FERNANDO SEBASTIÁN | Cardenal arzobispo emérito
Acabo de seguir por TV un debate muy curioso en el que los contertulios discutían acerca de si los políticos tenían que actuar según su conciencia o no. La cuestión me parece de primera importancia.
El ser humano siempre tiene que actuar según su conciencia. La libertad es responsabilidad y la responsabilidad nos obliga a hacer lo que es bueno y evitar lo que sea malo. Esto afecta al ser mismo de la persona, y por eso vale para todas las actividades del hombre. Los hombres no creamos el bien ni el mal de las cosas; lo descubrimos y tenemos que aceptarlo según la ley fundamental de hacer el bien y evitar el mal.

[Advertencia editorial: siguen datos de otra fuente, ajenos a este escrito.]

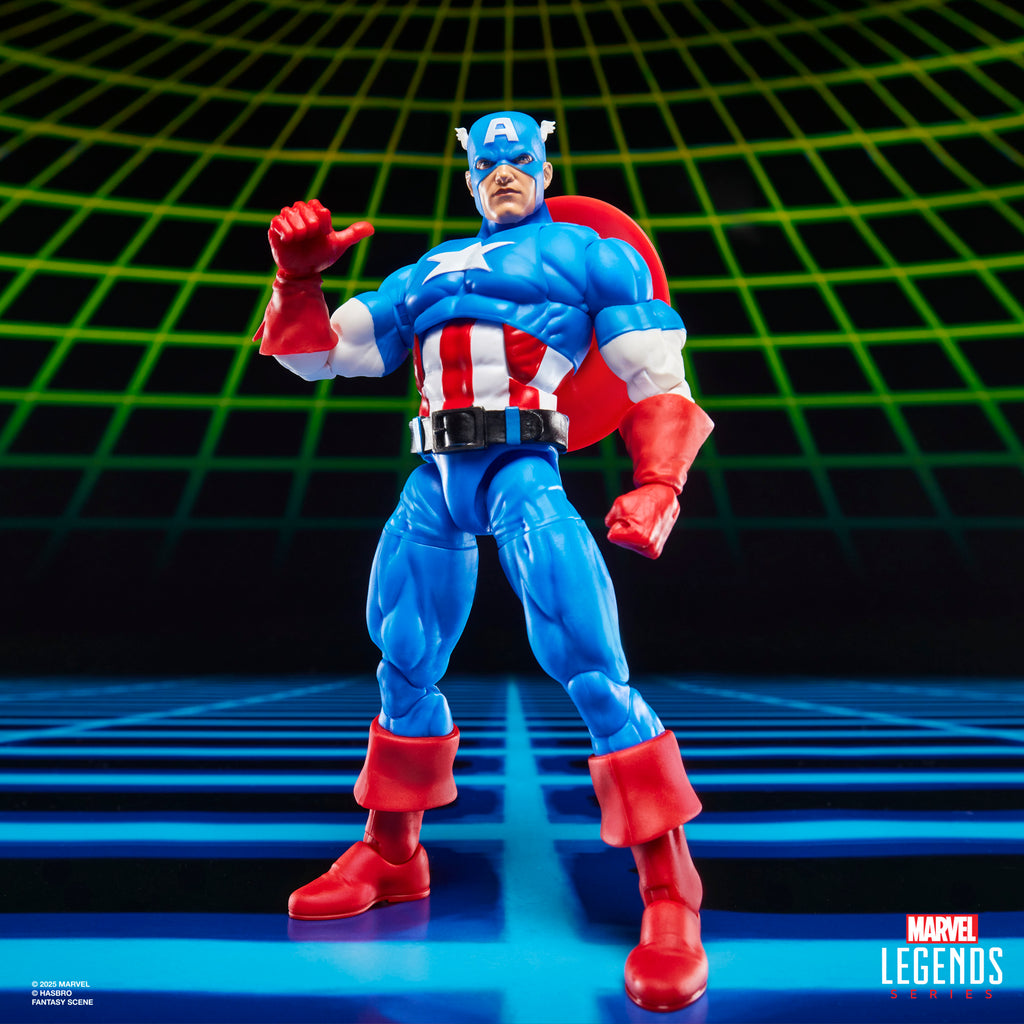 Pré Venda Figura Captain America Vs Venom  - Marvel - Marvel Legends Series Gamerverse - Hasbro
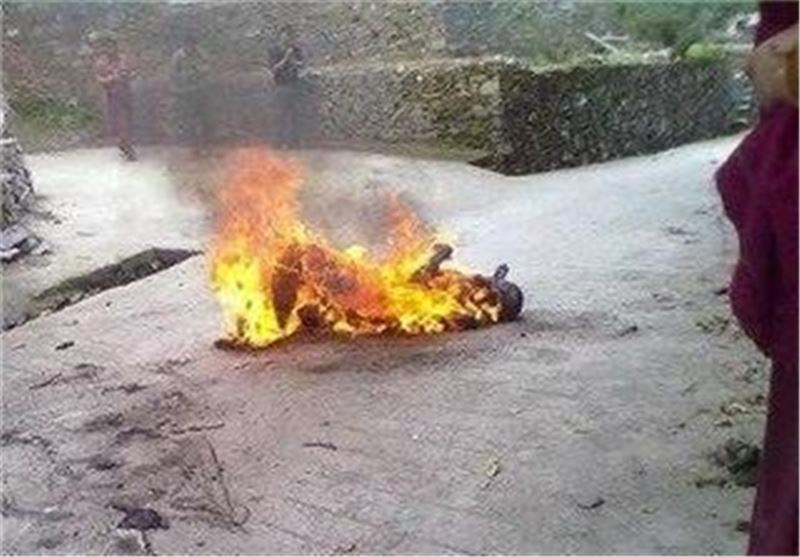 مادر شوهری عروسش را آتش زد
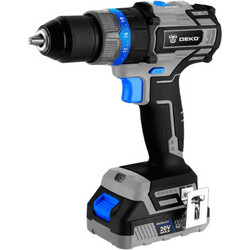 DeKo DKBL20ID02-S1 Δραπανοκατσάβιδο Μπαταρίας Brushless 1x4Ah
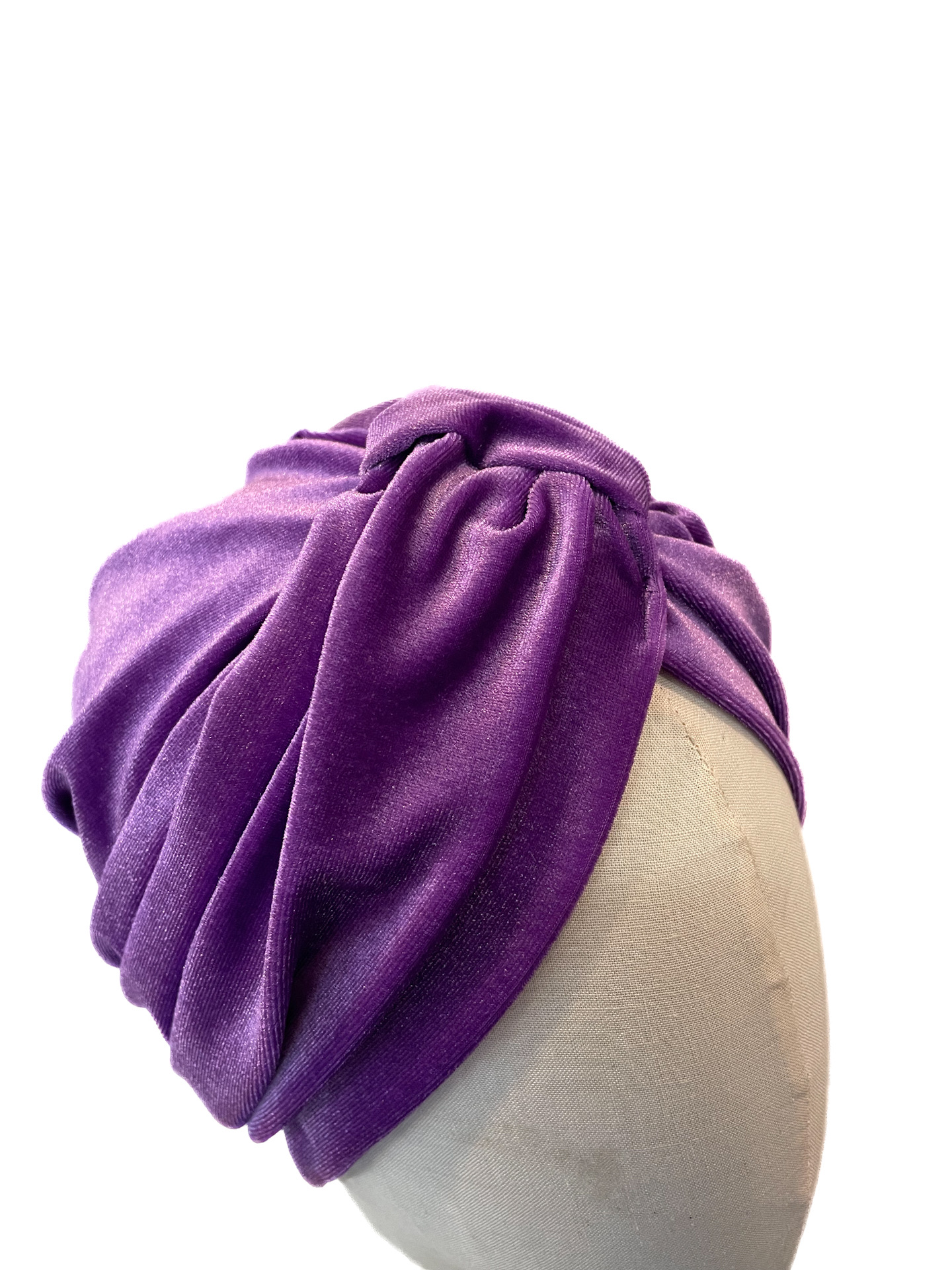 Turban Cassie, purple velvet - Image 4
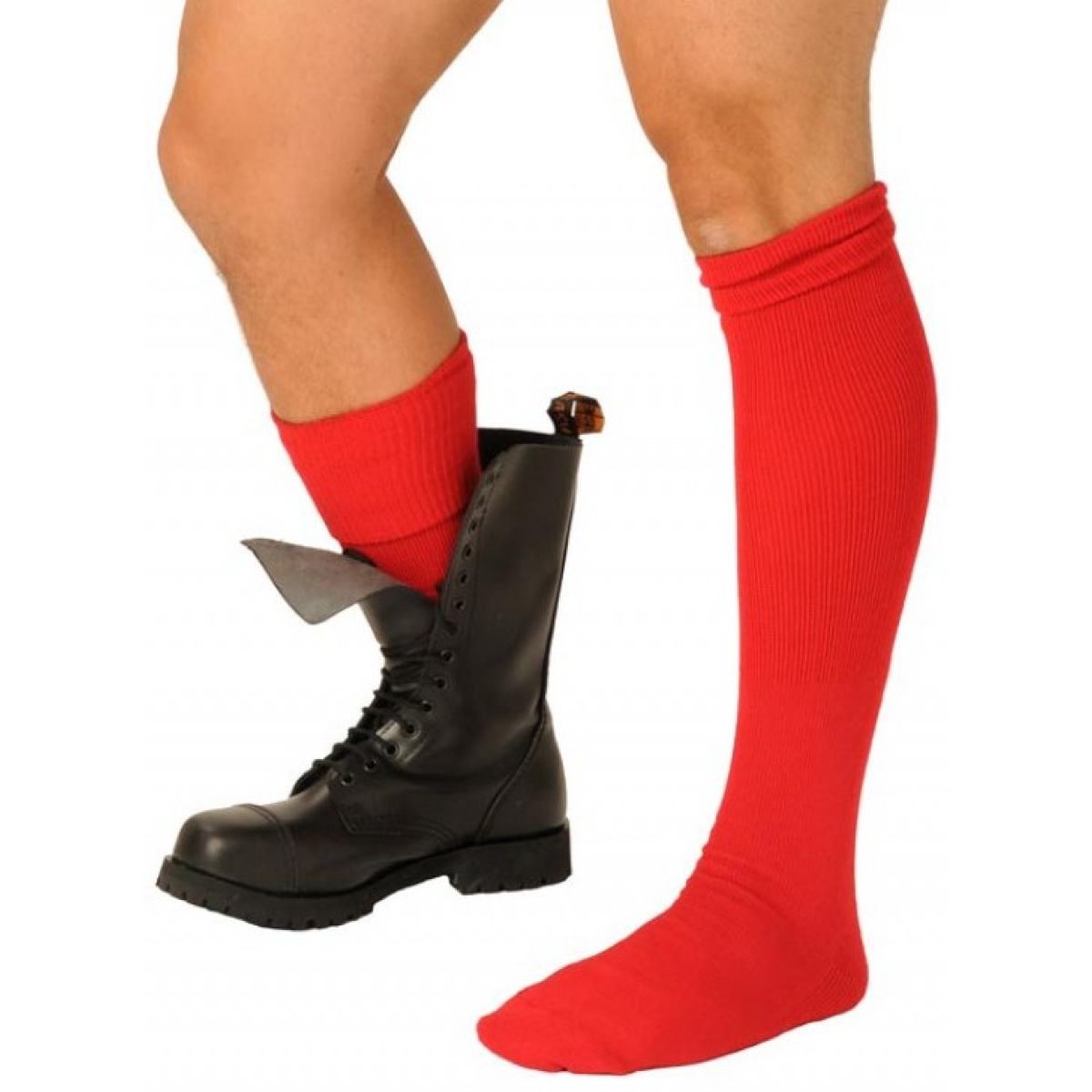 chaussettes boot rouges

Algunos confunden la laicidad del Estado y de la política con la amoralidad. La actividad política, como todas las actividades libres del hombre, es una actividad moral, sometida al dictamen de la conciencia moral de cada persona. Y por eso mismo, sometida también a una ley moral que ilumine y rija la conciencia personal.
Decir lo contrario sería conceder a la autoridad y a las actuaciones políticas un carácter arbitrario que conduce sin remedio al absolutismo y a la tiranía. El que gobierna tiene que someterse a una ley moral socialmente reconocida y universalmente vigente. Lo contrario es tiranía.
Esta doctrina entra perfectamente dentro del ámbito de la laicidad. La ley suprema que rige las actuaciones políticas es el servicio al bien común. En política es bueno lo que favorece la vida y el bienestar del conjunto de los ciudadanos. Y es malo lo que entorpece el bien físico y moral de los ciudadanos, los derechos y las legítimas aspiraciones de las personas, lo que va a favor de unos pocos y en contra de los demás. Es malo el partidismo, es malo el sectarismo, es malo lo que niega o desconoce los derechos reales de las personas, de todas las personas, desde su concepción hasta la muerte natural.